In Paris kam 1723 die Tragödie Inès de Castro von Antoine Houdar de la Motte am Théâtre-Français auf die Bühne und hatte großen Erfolg.
Die englische Schriftstellerin Anna Eliza Bray verfasste 1830 einen historischen Schauerroman zur Thematik unter dem Titel The Talba or Moor of Portugal.
29 Opern wurden über das Leben Inês de Castro geschrieben, auf 21 verschiedene Textbücher. Am bekanntesten wurde Giuseppe Persianis Oper Ines de Castro nach einem Textbuch von Salvatore Cammarano und Giovanni E. Bidera, uraufgeführt 1835 in Neapel, mit Maria Malibran in der Titelrolle. In heutiger Zeit komponierte der junge Schweizer Komponist Andrea Lorenzo Scartazzini eine Oper über dieses Thema, die unter dem Titel Wut am Theater Erfurt (9. September 2006) uraufgeführt wurde.

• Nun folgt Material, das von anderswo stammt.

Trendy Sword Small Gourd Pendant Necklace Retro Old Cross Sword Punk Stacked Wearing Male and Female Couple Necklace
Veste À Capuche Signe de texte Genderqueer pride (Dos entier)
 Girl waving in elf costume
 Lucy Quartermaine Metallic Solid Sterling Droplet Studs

Ezra Pound verarbeitete die Legende um Inês de Castro unter anderem im XXX. Gesang seiner Cantos.
1986 veröffentlichte die portugiesische Schriftstellerin Agustina Bessa-Luís ihren Roman Adivinhas de Pedro e Inês.
Hugo Loetscher verarbeitete den Stoff zu einem Theaterstück. Es erschien in portugiesischer Fassung unter dem Titel O amor assassinado (2001).
Auch der Autor und Theaterregisseur Zeha Schröder verfasste ein Stück über Inês, an dem er dreizehn Jahre arbeitete. Erste Szenen von Morbus Inês gehen auf das Jahr 1994 zurück und waren noch als Opernlibretto konzipiert. In der endgültigen Fassung als Sprechtheater für das Ensemble Freuynde + Gaesdte kam das Stück 2007 beim Festival theaterszene europa zur Uraufführung.[11]